Merry Christmas!! Living up to your name, u/Feelsgoodman
Hi, this is nice of you to say. I'm just going to use this post to vent some stuff and do an overshare. It's not some sad/exciting story -- pretty boring, tbh, and I feel a bit stupid even writing it after reading what OP's been through -- but thanks for asking anyway.
I'm an English teacher in Korea, which is an easy gig that's great as a bit of a stall when you're younger while you're trying to figure out what to do with your life. But once you're in your 30s, you frankly start to feel a little pathetic about your lack of a defined career/future, and perhaps a little more so when you find yourself basically alone without friends or family on Christmas.
I'm an attractive, funny, and likeable guy who used to be the life of the party, so I wouldn't normally be so alone. But once I started saying some pro-Trump things on Facebook, pretty much all my friends ditched me, either in protest or from being shamed by others into doing it. But that's okay, because it's partly Trump and this community that is getting me to turn my life around.
I was studying I.T. at uni, but feeling depressed and nihilistic, and made the dumbest mistake of my life: switching to English literature. I know, I know, fucking retarded decision. I was young and dumb. (I understand in hindsight how liberals are trying to destroy youth by teaching them that hard work and capitalism are bad and you should waste your life not adding to society.) Anyway, I came out of that without any good skills, and still didn't know anything about how the world works or what to do with my life, so I came to Korea and taught English. Thankfully, I loved it, and still do. It's awesome being able to work with kids everyday and see how you help them grow. But as time wears on, the dread of wasted potential bears down on you, and you want to see yourself grow.
So I started listening to conservative, non-nihilistic viewpoints, and felt this immense depression that I had suffered since childhood evaporate as I saw that life is about building. Build something for others, build a family for yourself, build a better world to give to that family. It's so simple that I resent that dark forces are teaching us otherwise. I decided to re-learn programming, and am now working in my spare time on an app that I genuinely think will be hugely popular. I don't spend my spare time on wasteful partying that provides a fun experience for a night but doesn't build my character. I don't pursue random meaningless sex with hot crazies, but pursue loving relationships that can go somewhere with someone with a good heart. Free time is for working out and coding, and that's it. I really hope that my app, when it's finished, is the success I think it will be. Maybe it will be a colossal failure. But even in that event, I will be proud of myself for having done it, and won't stop trying.

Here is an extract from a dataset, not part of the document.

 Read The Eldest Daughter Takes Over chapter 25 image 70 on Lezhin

All the same, it's a scary time for me, and it does suck to be alone, even if largely by choice. So it's really nice to have some random pede from across the world reach out and say they want to listen, when I don't quite know how to express my fears to people who know me better.
Sorry this was so long! I just started typing then couldn't stop. Like I said, not the most exciting stuff.
A bit late, but thank you and hope your Christmas was merry also!